Republicans are searching for a revenue-raising alternative to the border adjustment tax (BAT) after the Trump administration and top congressional tax writers announced the polarizing provision is officially off the table Thursday.

The BAT — which would place a levy on imports while exempting exports– was strongly supported by House Speaker Paul Ryan and Ways and Means Chairman Kevin Brady, who argued it was the best way to combat base erosions and even the playing field. Border adjustment played a key role in offsetting the steep cuts proposed in the House GOP’s “A Better Way” blueprint on tax reform.

While top GOP lawmakers endorsed the provision, critics within the Republican conference argued it was a consumer tax that would ultimately lead to a substantial increase in prices on a number of goods.

GOP House, Senate and White House leaders released a joint statement asserting they are united in their goal to bring down rates and spur economic growth.

“We are now confident that, without transitioning to a new domestic consumption-based tax system, there is a viable approach for ensuring a level playing field between American and foreign companies and workers, while protecting American jobs and the U.S. tax base,” the joint statement reads. “While we have debated the pro-growth benefits of border adjustability, we appreciate that there are many unknowns associated with it and have decided to set this policy aside in order to advance tax reform.”

With GOP lawmakers hoping to use the reconciliation process — a tool allowing a budgetary related-measure to pass with just a simple majority in the upper chamber — the death of the BAT could prove to be problematic, as the measure can’t increase the deficit after a 10-year window under parliamentary rules.

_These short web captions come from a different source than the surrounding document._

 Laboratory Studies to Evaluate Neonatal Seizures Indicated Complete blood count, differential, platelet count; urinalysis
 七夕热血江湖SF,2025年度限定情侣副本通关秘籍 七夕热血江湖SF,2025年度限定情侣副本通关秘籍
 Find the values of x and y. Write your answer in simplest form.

The provision would have generated a whopping $1.2 trillion in revenue over the course of a decadeaccording to Tax Foundation, providing the necessary means to offset their plans to slash both corporate and individual rates.

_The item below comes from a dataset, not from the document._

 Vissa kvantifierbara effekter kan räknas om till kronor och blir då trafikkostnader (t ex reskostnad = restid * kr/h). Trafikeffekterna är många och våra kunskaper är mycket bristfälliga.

Brady and Ryan said, while they are still supportive of the BAT, shelving the idea was necessary to move forward with negotiations to craft a plan to pass permanent tax reform this year.

“You know I’m convinced border adjustability is the best solution for keeping jobs in America and bringing them back from overseas, and helping lower taxes for local businesses,” Brady told reporters Thursday. “We had a healthy debate on that provision, but in order for us to unify it was important to set it aside for now.”

According to the Texas Republican, he is working with members of the Senate Finance Committee and administration officials to ensure they can find a way to bring rates down as low as possible.

“I’m confident that we’re getting close to a solution that addresses that problem of U.S. companies and profits moving overseas,” Brady continued. “We still have work to do, but I like the path we’re going.”